Data provided
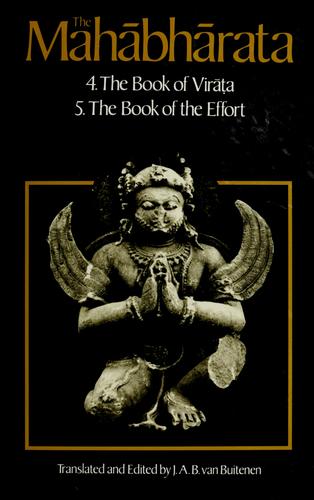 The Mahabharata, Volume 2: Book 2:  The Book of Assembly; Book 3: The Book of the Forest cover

...

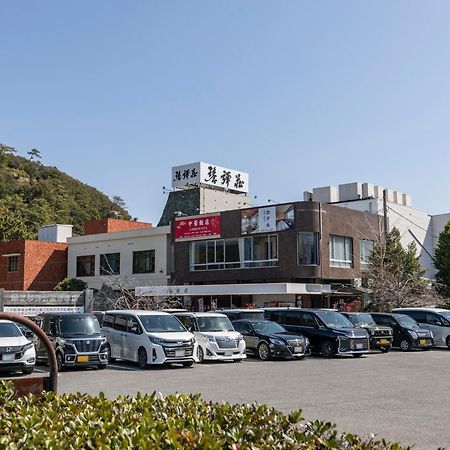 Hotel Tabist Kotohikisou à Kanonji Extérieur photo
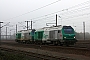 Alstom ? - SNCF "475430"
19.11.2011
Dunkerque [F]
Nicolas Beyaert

...

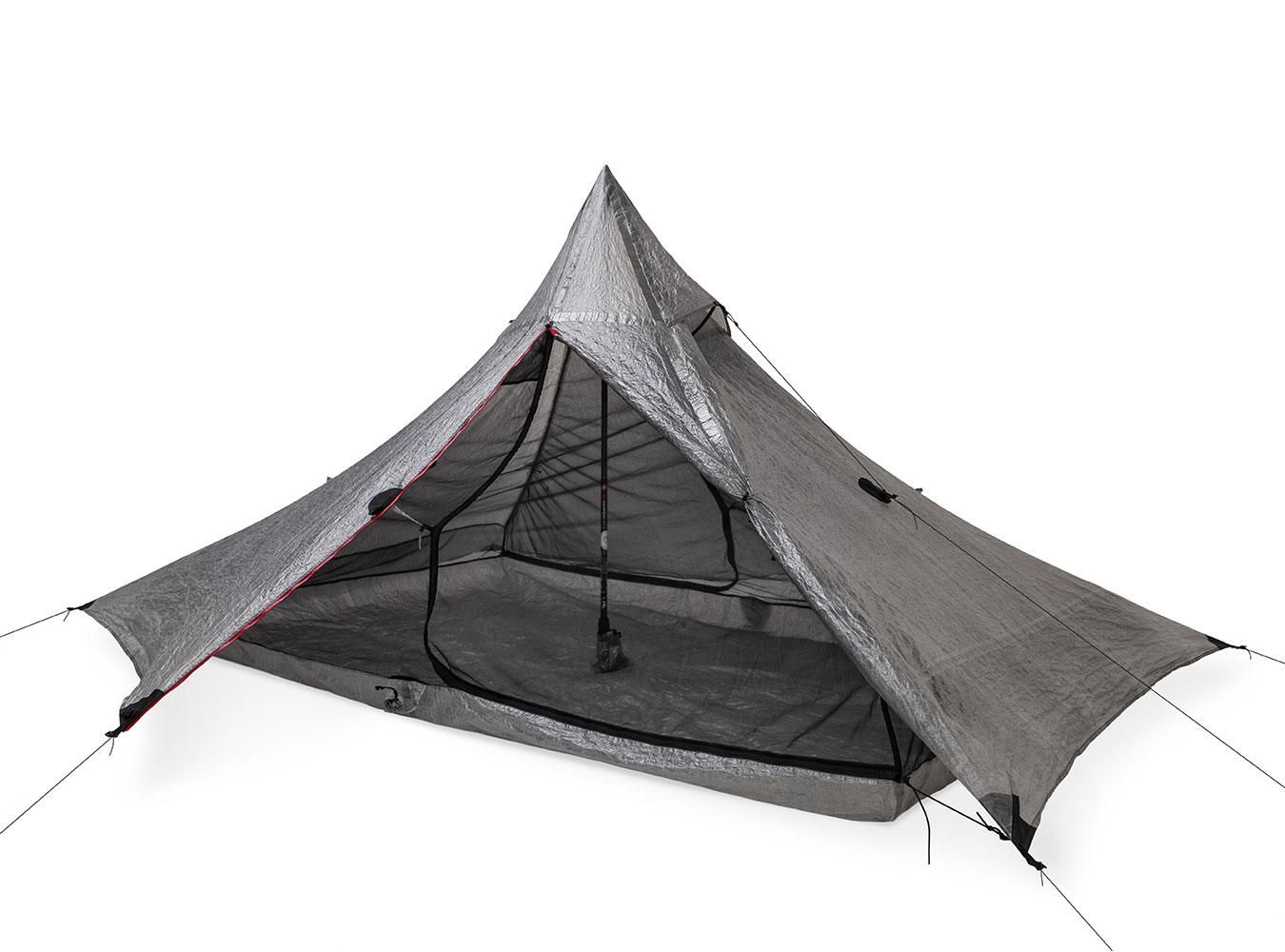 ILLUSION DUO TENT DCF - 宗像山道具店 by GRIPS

What to do
The answer is the lines of the material above, from the one containing "Hotel Tabist Kotohikisou" down to the one containing "Nicolas Beyaert", given exactly and without images.

Answer box
 Hotel Tabist Kotohikisou à Kanonji Extérieur photo
 Alstom ? - SNCF "475430"
19.11.2011
Dunkerque [F]
Nicolas Beyaert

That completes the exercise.